• PROBLEM DETAILS
Give back exactly the lines from the "An electrician working" line to the final line of the records, and only those, minus any pictures.

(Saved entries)
▼

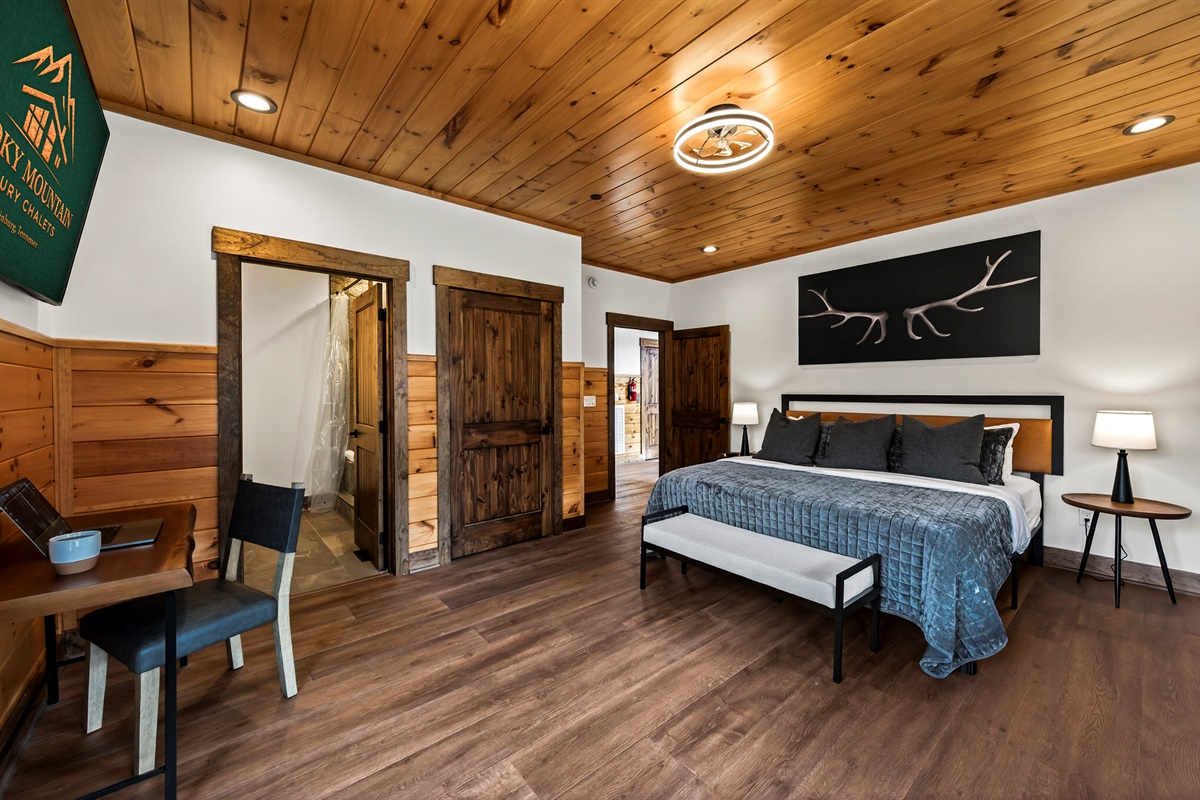 Relax in the spacious king bedroom with a large TV, dedicated desk workspace & direct deck access. Unwind in the en-suite bathroom featuring a walk-in shower with a natural river rock floor, bringing  the Smoky Mountains indoors for a spa retreat.
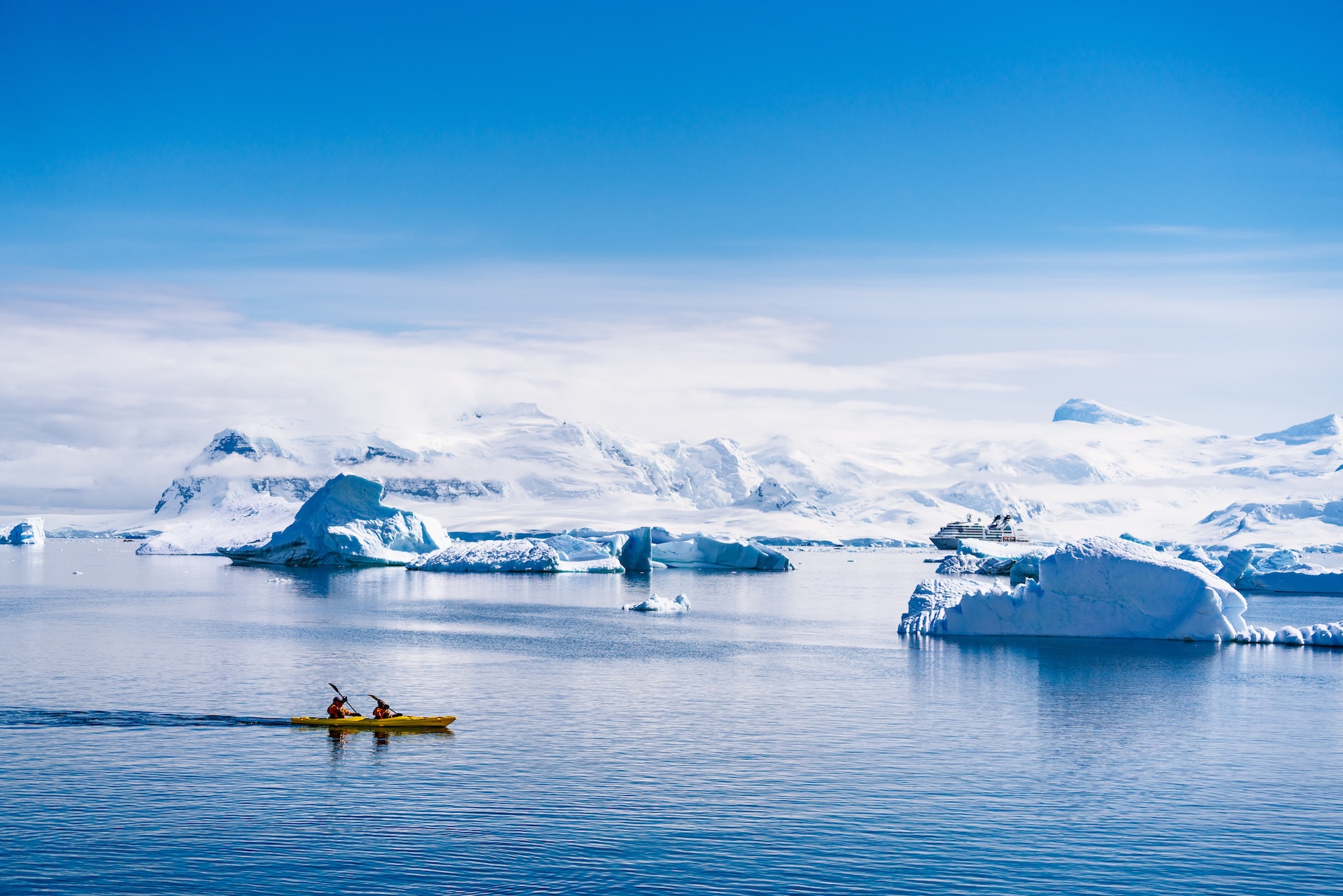 Two people kayaking near icebergs, how to treat hypothermia on a boat concept.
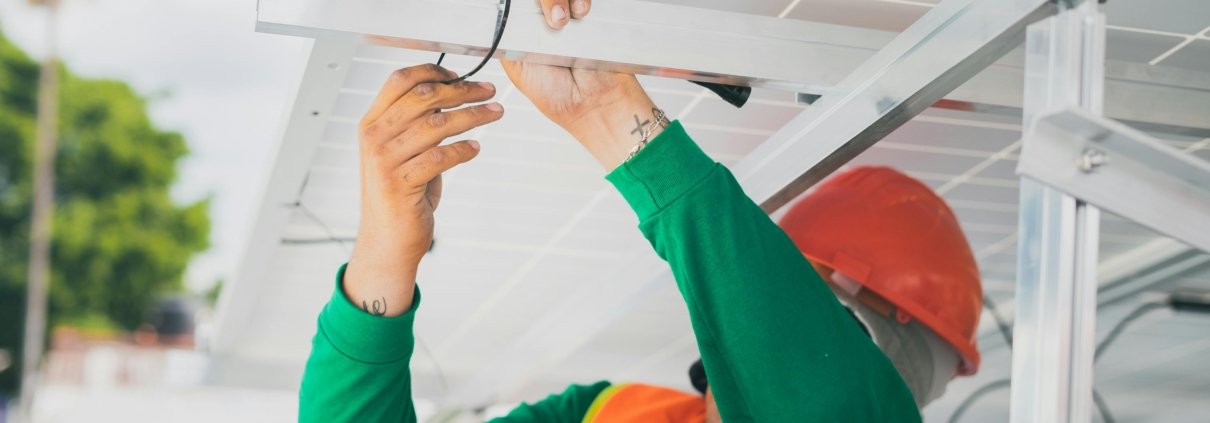 An electrician working on some cables under a roof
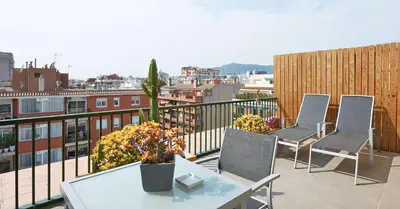 a balcony with three chairs and a table on a building at NH Barcelona Les Corts in Barcelona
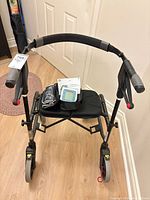 Front view of Nexus walker with blood pressure monitor resting on seat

▲

• REPLY
 An electrician working on some cables under a roof
 a balcony with three chairs and a table on a building at NH Barcelona Les Corts in Barcelona
 Front view of Nexus walker with blood pressure monitor resting on seat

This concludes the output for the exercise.